In a central glass case is an Elastolin Wild West display. Among other items against the window wall is the flat-metal flotilla of Victorian or earlier warships and boats, set at adult eye-level on a glass shelf. There is an early 20th-century cardboard toy theatre in the gallery, by Benjamin Pollock.

=== First floor dolls gallery ===

The oldest exhibit is the 350 BCE articulated Etruscan ceramic doll. There is a display of early English wooden dolls, including Miss Barwick, dated c. 1750–1760. She was owned by the Barwick family of West Yeadon, and has a sedan chair with brocade furnishings embossed with a "B". Her face is sculpted with gesso on wood, her eyes are enamelled and her wig is made of real hair. There is also the Lady Potter Palmer doll, a Tudor stump baby. and Tete Jumeau bisque dolls once owned by a Russian family.
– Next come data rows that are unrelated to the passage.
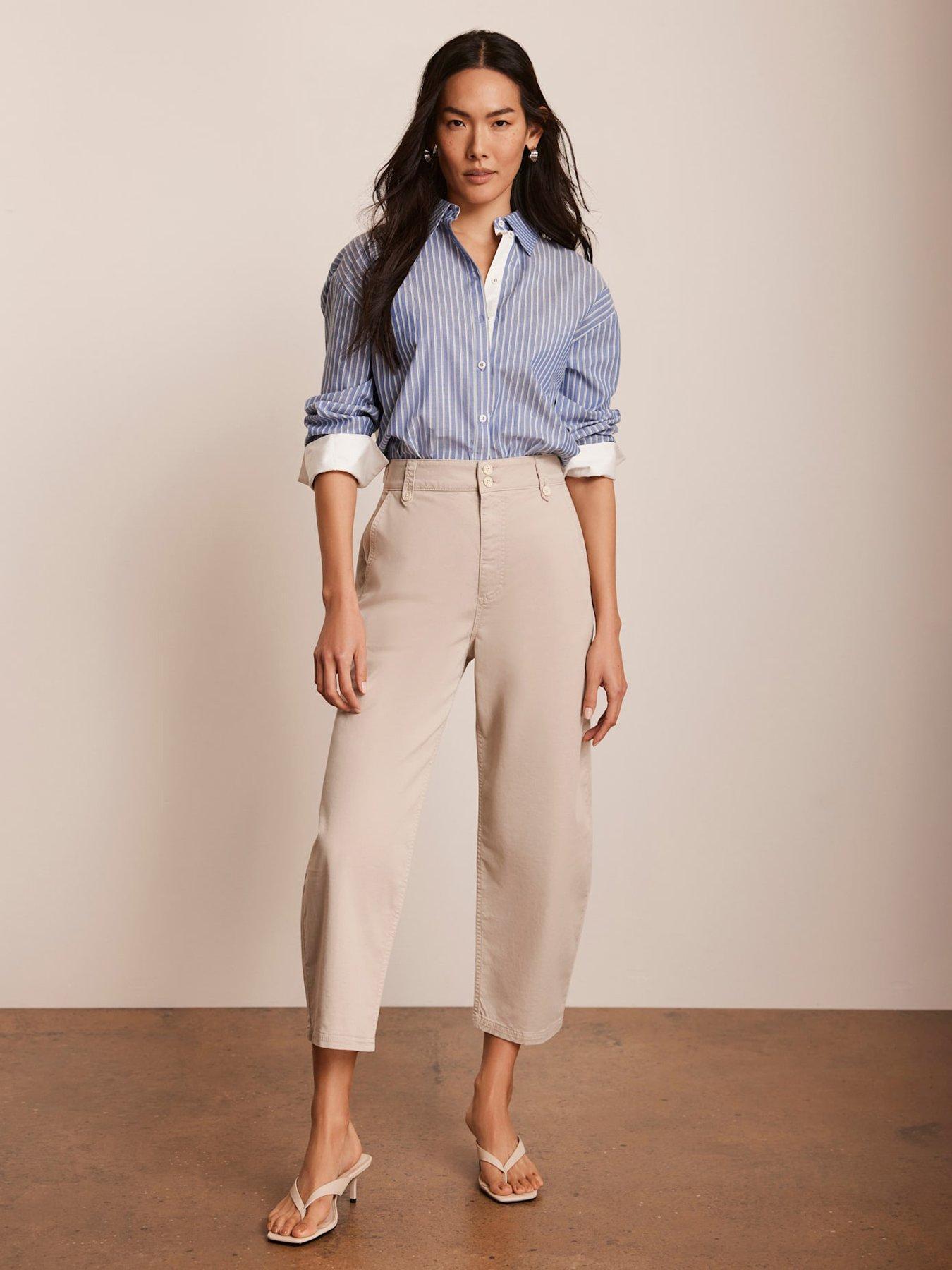 undefined Neutral Barrel Leg Chino Trousers - Beige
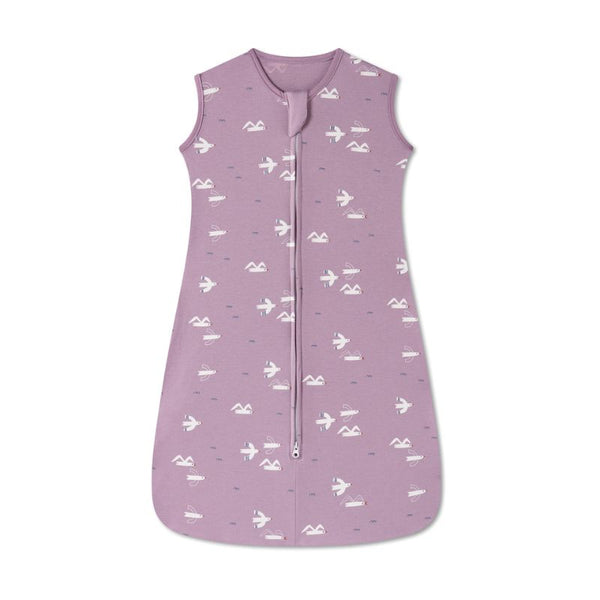 Gigoteuse légère d’été motif Montagne et oiseaux sur fond mauve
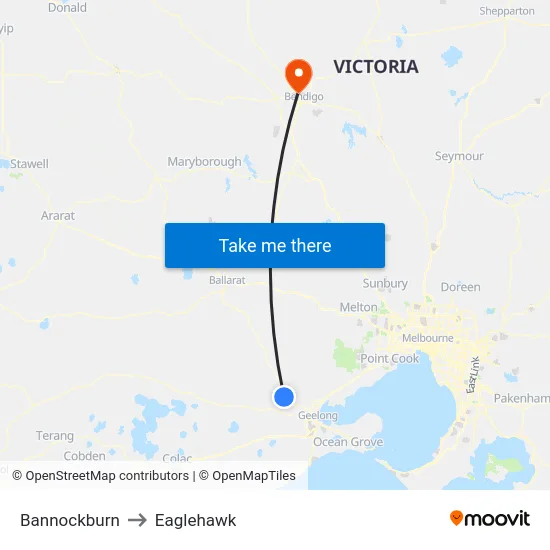 Bannockburn to Eaglehawk map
There is Blanche, the Steiff 1910 teddy bear, with her wartime history. She featured in the TV series Trainer, and appears in The Century of the Teddy Bear by Constance King. There is also a Farnell teddy bear of 1920 - a type perhaps more common in England before World War II. The Farnell bears had a hump at the back of the neck, and a lead-weighted tilt growler sewn into the back of the body. As you tipped your bear forward, it emitted a deep growling sound. The gallery also has Thomas the sad bear, and Eddie's Teddy.